MOSCOW, (Reuters) – Delays in international deliveries of the second dose of Russia’s Sputnik V vaccine will be fully resolved this month, the Russian Direct Investment Fund (RDIF), responsible for the shot’s marketing abroad, said in a statement yesterday.
The Russian vaccine uses two doses made of different components and administered 21 days apart. Several countries that have begun receiving shipments have complained in recent weeks about delays in the delivery of batches of second doses.
“Sputnik V team confirms that owing to a major scale-up in vaccine production capacity, temporary second component delivery delays that occurred due to this production scale-up will be fully restored in August,” the statement said.
RDIF has struck manufacturing partnerships abroad with producers in 14 countries, the statement said, and will further increase its capacity next month due to a partnership with India’s Serum Institute.
“Sputnik V will accelerate work with other vaccine producers on the mix-and-match approach,” it added. Initial small-scale trials of a vaccine shot mixing a dose of Sputnik V with a dose of a shot produced by AstraZeneca are ongoing and recently reported good results, RDIF said.

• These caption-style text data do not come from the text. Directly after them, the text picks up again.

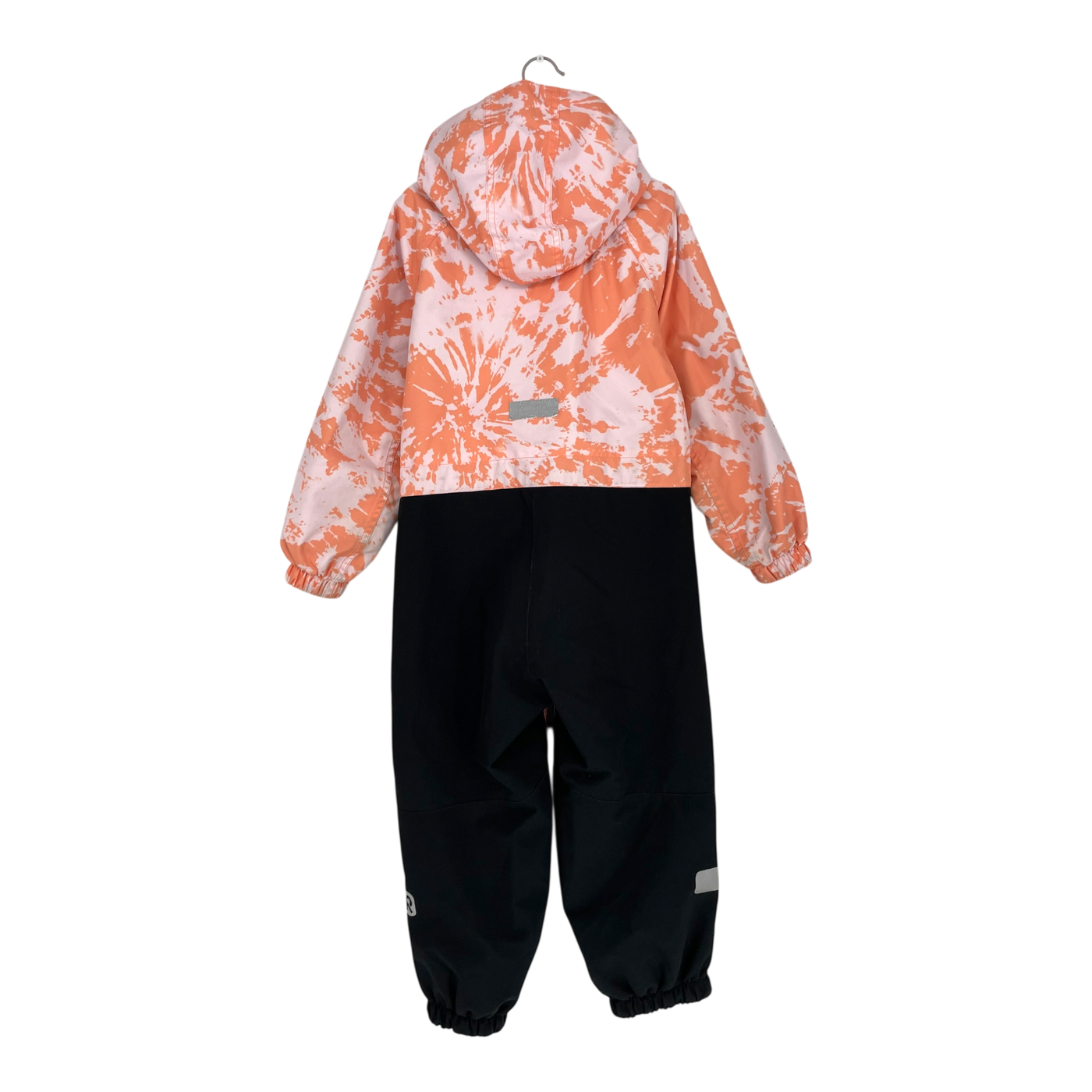 Reima karikko midseason overall, coral/black | 116cm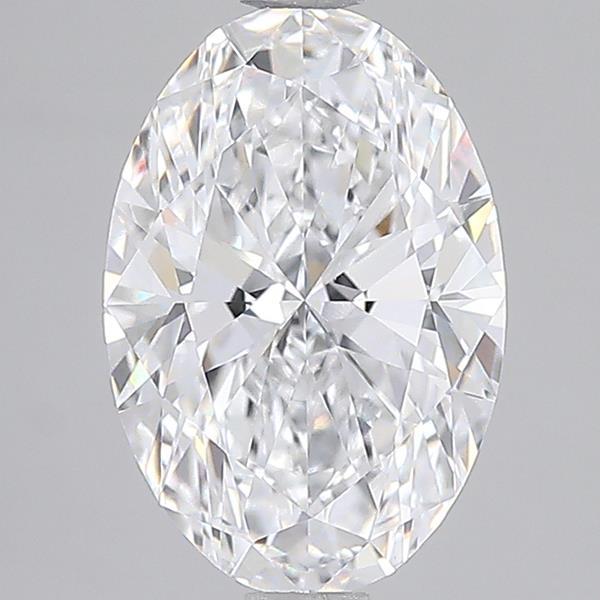 2.54 ct. oval Lab Grown Diamond front image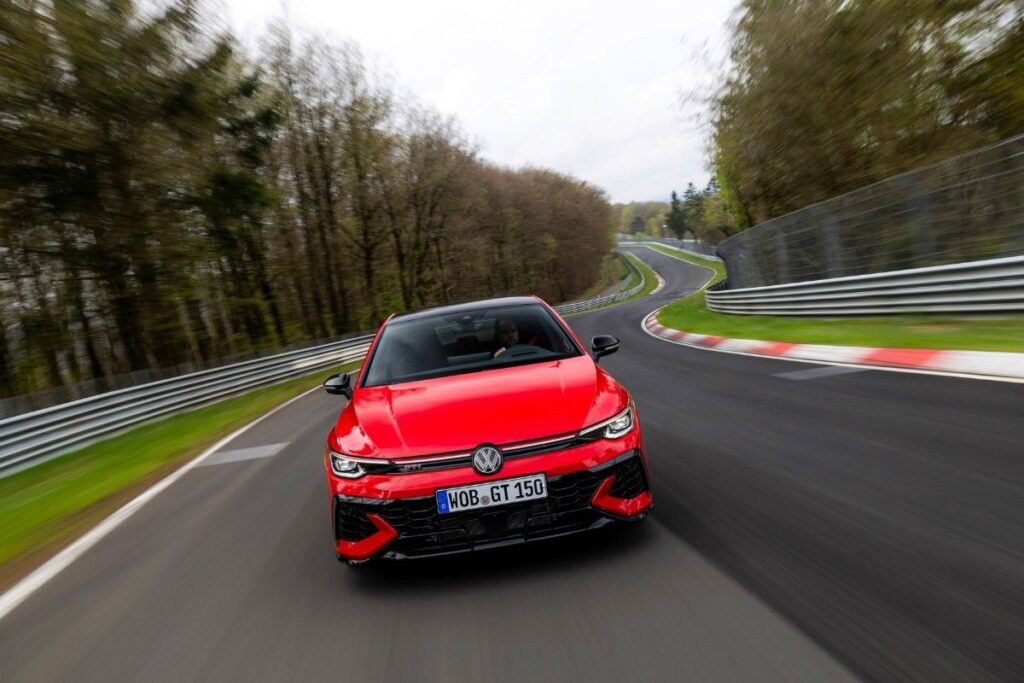 Volkswagen Golf GTI Edition 50 Revealed with 321hp: Most Powerful VW GTI Yet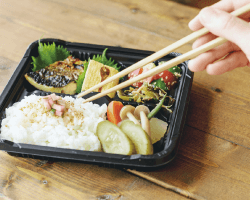 日替わりのお弁当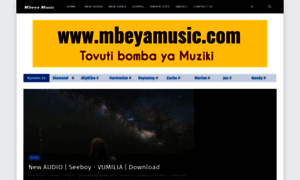 Mbeyamusic.com thumbnail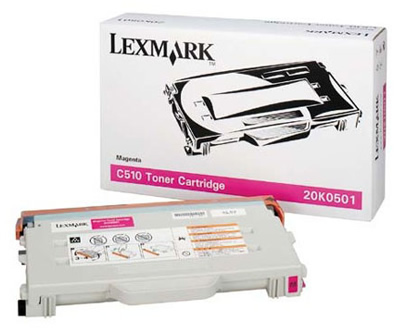 Toner Lexmark (20K0501 - 3 tys) C510 magenta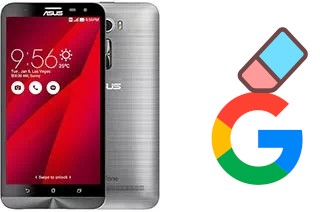 Como excluir a conta do Google em Asus Zenfone 2 Laser ZE600KL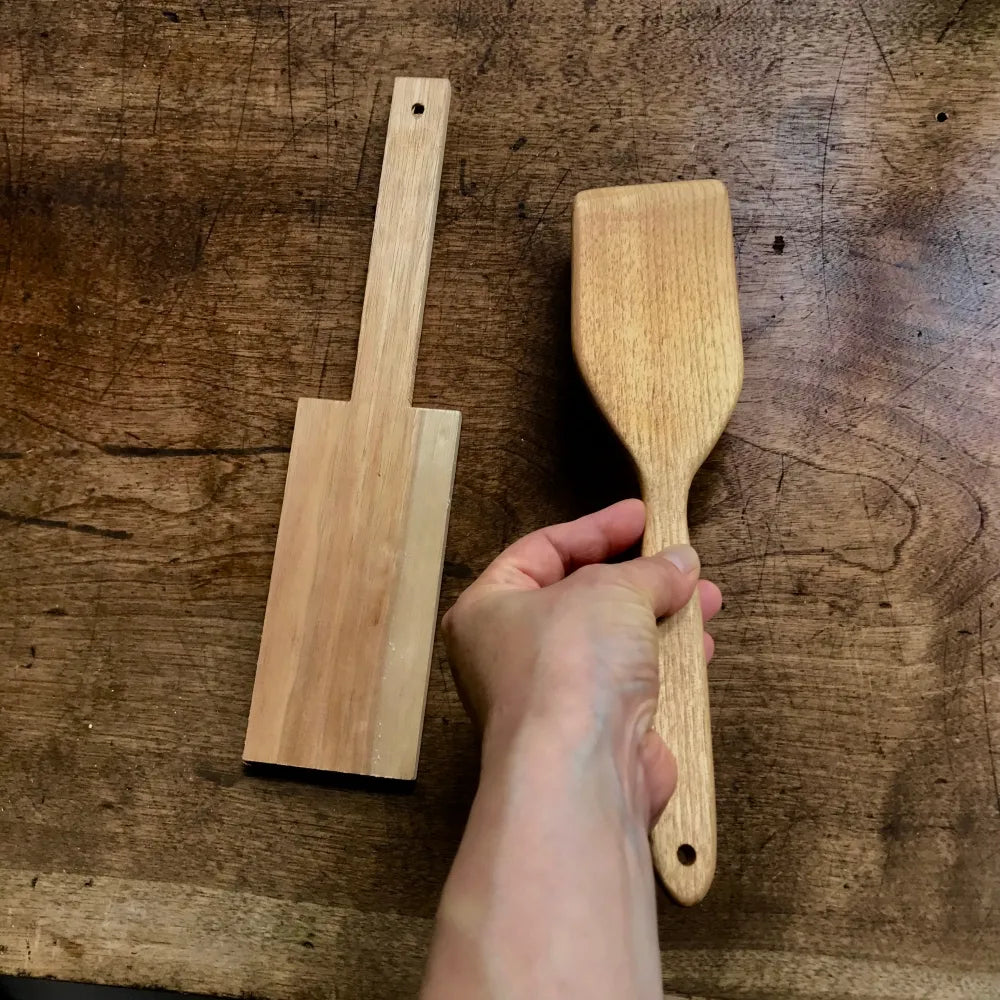 Spatula Whittling DIY Kit Set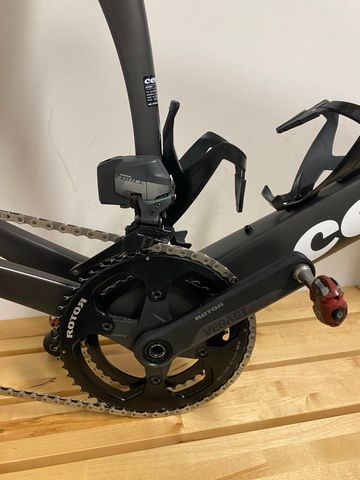 Gebrauchtes Cervélo S5 Force eTap AXS Disc 2021 2021 Road & Gravel, Schwarz — Bild 4 von 5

Reuters has previously reported that some manufacturers of the Sputnik V shot have found the second dose easier to produce than the first. Argentina, among the first countries to widely use the two-dose Sputnik V, ratcheted up pressure on Moscow last month over delays in the arrival of second doses that are holding back the South American nation’s inoculation campaign.
“At this point the entire contract is at risk of being publicly cancelled,” the government wrote in a letter in July.
Also in July, an Indian distributor of the shot said India’s full rollout of the vaccine will have to be put on hold until producers provide equal quantities of both doses.